Solved – Calculating Jaccard or other association coefficient for binary data using matrix multiplication

association-measurebinary datamatrixrsimilarities

I want to know if is there any possible way to calculate Jaccard coefficient using matrix multiplication.

I used this code

    jaccard_sim <- function(x) {
    # initialize similarity matrix
    m <- matrix(NA, nrow=ncol(x),ncol=ncol(x),dimnames=list(colnames(x),colnames(x)))
    jaccard <- as.data.frame(m)

    for(i in 1:ncol(x)) {
     for(j in i:ncol(x)) {
        jaccard[i,j]= length(which(x[,i] & x[,j])) / length(which(x[,i] | x[,j]))
        jaccard[j,i]=jaccard[i,j]        
       }
     }

This is quite ok to implement in R. I have done the dice similarity one, but got stuck with Tanimoto/Jaccard. Anybody can help?

Best Answer

We know that Jaccard (computed between any two columns of binary data $\bf{X}$) is $\frac{a}{a+b+c}$, while Rogers-Tanimoto is $\frac{a+d}{a+d+2(b+c)}$, where

  • a - number of rows where both columns are 1
  • b - number of rows where this and not the other column is 1
  • c - number of rows where the other and not this column is 1
  • d - number of rows where both columns are 0

$a+b+c+d=n$, the number of rows in $\bf{X}$

Then we have:

$\bf X'X=A$ is the square symmetric matrix of $a$ between all columns.
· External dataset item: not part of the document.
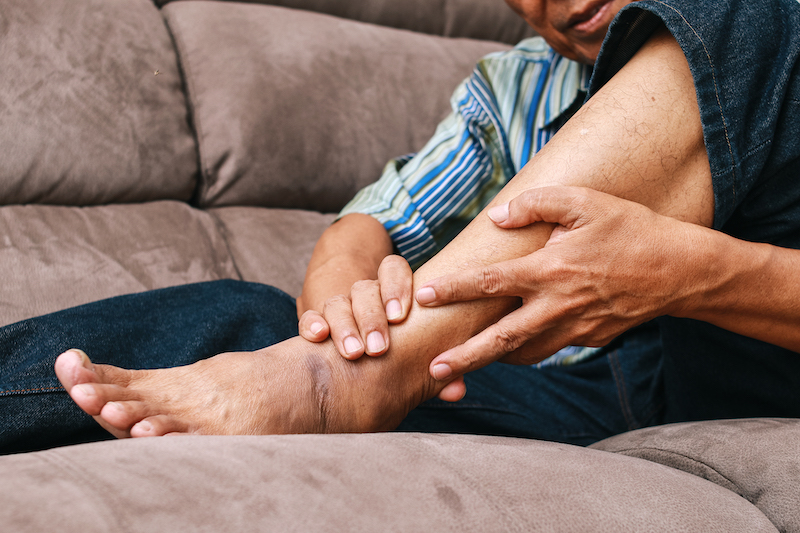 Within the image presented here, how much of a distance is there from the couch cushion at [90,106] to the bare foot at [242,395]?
0.62m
$\bf (not X)'(not X)=D$ is the square symmetric matrix of $d$ between all columns ("not X" is converting 1->0 and 0->1 in X).

So, $\frac{\bf A}{n-\bf D}$ is the square symmetric matrix of Jaccard between all columns.

$\frac{\bf A+D}{\bf A+D+2(n-(A+D))}=\frac{\bf A+D}{2n-\bf A-D}$ is the square symmetric matrix of Rogers-Tanimoto between all columns.

I checked numerically if these formulas give correct result. They do.


Upd. You can also obtain matrices $\bf B$ and $\bf C$:

$\bf B= [1]'X-A$, where "[1]" denotes matrix of ones, sized as $\bf X$. $\bf B$ is the square asymmetric matrix of $b$ between all columns; its element ij is the number of rows in $\bf X$ with 0 in column i and 1 in column j.

Consequently, $\bf C=B'$.

Matrix $\bf D$ can be also computed this way, of course: $n \bf -A-B-C$.

Knowing matrices $\bf A, B, C, D$, you are able to calculate a matrix of any pairwise (dis)similarity coefficient invented for binary data.